The lyrics to this song were written by Carl Sigman, an accomplished songwriter whose hits included "
It's All In The Game" and "
Pennsylvania 6-5000." In
The Carl Sigman Songbook, Sigman's son Michael tells the story:
"Early in 1953, British orchestra leader Frank Chacksfield topped the charts with an instrumental arrangement of 'Ebb Tide,' a gorgeous, dramatic melody by the composer/classical harpist Robert Maxwell. Singers were clamoring to record it. The problem was that no lyric existed. Carl got an urgent call from the song's publisher, Jack Robbins, giving him the assignment to write 'Ebb Tide,' with the proviso that he must write the lyric within a few days.
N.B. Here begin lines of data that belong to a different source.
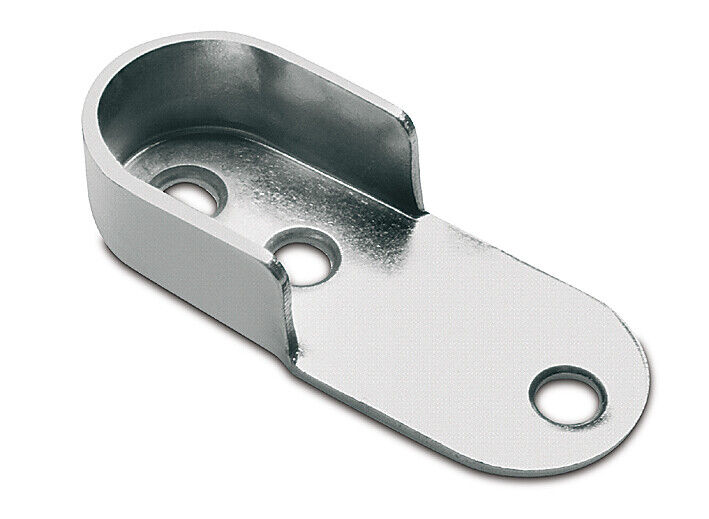 Wardrobe End Supports Brackets for Oval Hanging Rails Steel Chrome Hange 30x15mm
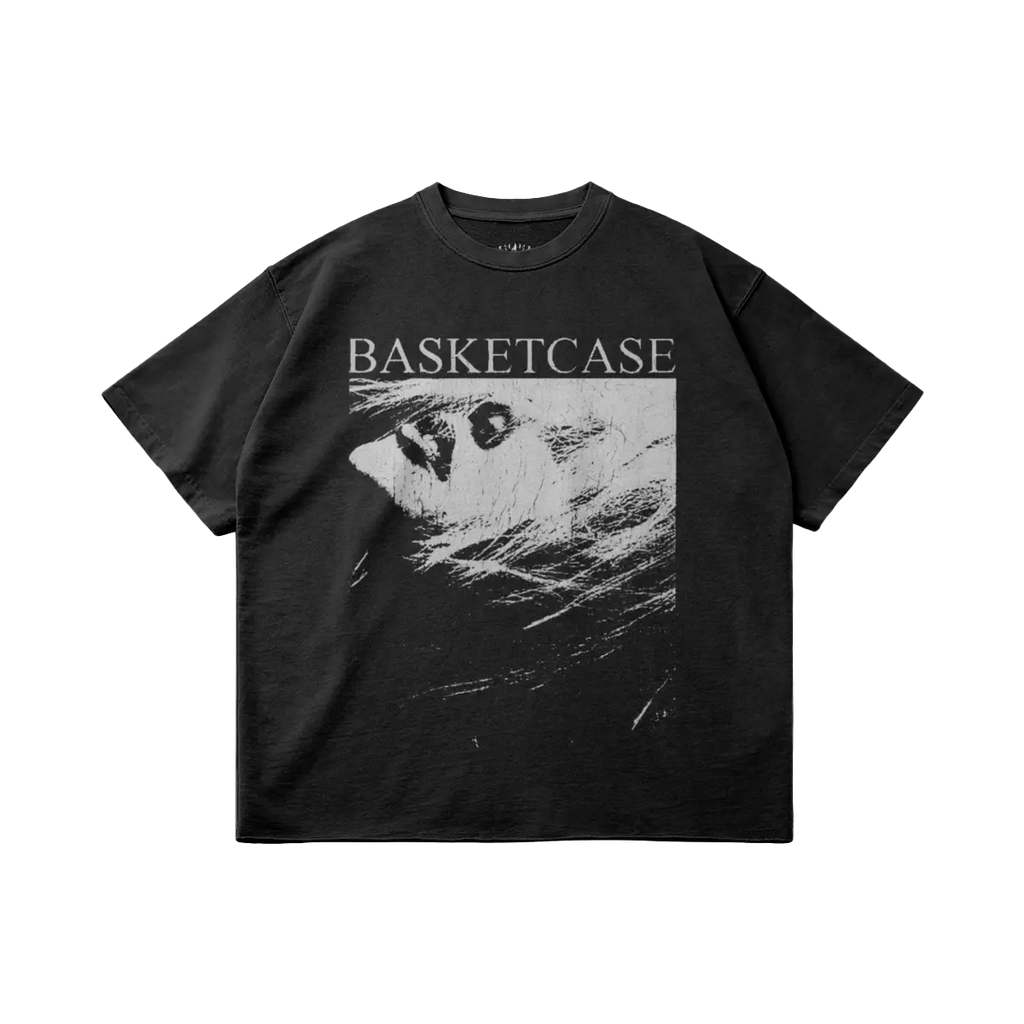 Basketcase Garment Dyed Raw Hem Streetwear Shirt 260GSM Cotton Black Tee With Edgy Faded Hem ArnukiClothing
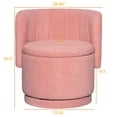 thumbnail image 4 of Pink 360 Degree Swivel Chair With Hidden Storage For Bedroom And Living Room Enjoyable Seat - Pink, Space, 4 of 6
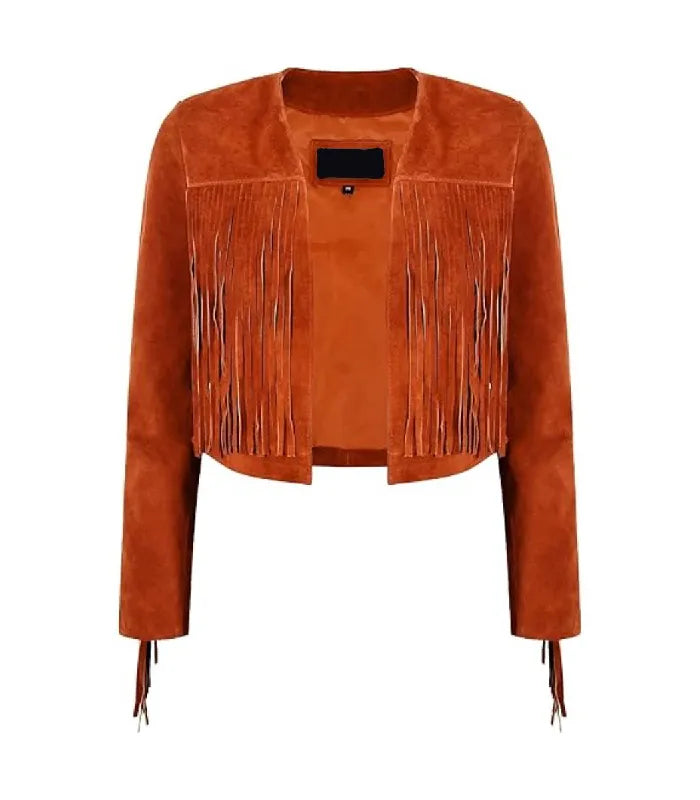 Front view of Orange Bolero Fringe Cropped Leather Jacket featuring collarless open-front design, chest tassel fringe, and sleeve trim.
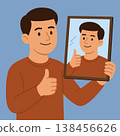 Man smiling in mirror with thumbs up gesture 138456626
Maxwell had titled the song as he did because the music he wrote evoked what Carl described in an interview as 'the flowing quality of water, and particularly the rhythmic and building quality of the tides.' That was all well and good, but how do you write a lyric about ebb tide? As Carl told me when I was in my early twenties and helping him write a chapter for a book on songwriting, 'This assignment brought together all the difficulties which confront lyric writers, and all at one time. Usually when we get melodies to write lyrics to, the tunes either have no titles at all or titles, which somehow fit naturally into the tune, with respect to accents and meter. 'But 'Ebb Tide'? I knew from the start that those words would never fit into that tune, and in addition I had no idea what kind of meaningful lyric I would write that would even remotely connect itself to the title.'
Carl spent the next four fitful days writing and discarding lyric ideas, all the while staving off the incessant calls of the publisher demanding results. Finally, my father put the song aside. 'I decided to just take a rest, go to a movie and start thinking about it again the next day.' When he opened the paper to check the day's listings, his eye was immediately captured by an ad for
From Here To Eternity, the film that jump-started Frank Sinatra's flagging career. The image in the ad was not of the Chairman of the Board, however, but of the famous scene in which Burt Lancaster and Deborah Kerr are locked in an embrace on the beach as the tide washes over them. Carl never made it to the theater, but he had finally found the key to 'Ebb Tide.' 'It seemed so natural and simple that I couldn't understand why I hadn't thought of it before.' The lyrics suddenly poured out 'with scarcely a moment of reflection.' The lyric for this melody couldn't be dictated by typical songwriting conventions; there would be no chorus, nor would there be any mention of the title. Rather, the lyric would embody an association of ideas spurred by the image of lovers in the tide. 'If listened in the right frame of mind,' Carl told me, 'the melody rises and falls in a way which uncannily resembles an orgasm, with one of the most stirring climaxes I've ever heard followed by a beautifully relaxed, restful and contented ending. At the same time, this rising and falling is a perfect symbolization of the movements of the tide. Now the connection begins to come into focus: two lovers meet on a beach, their expectations rise together as the tide is rising, they love, and they are at peace together as the tide ebbs. And the beach and tides (helped by their association with the moon) are as romantic as any setting could hope to be. The whole wedding of the tune to the lyric (or, I should say, of lyric to the tune) is the most natural, the best and the easiest (once the idea was there) I've ever written.' And all this gets expressed in fewer than 100 words."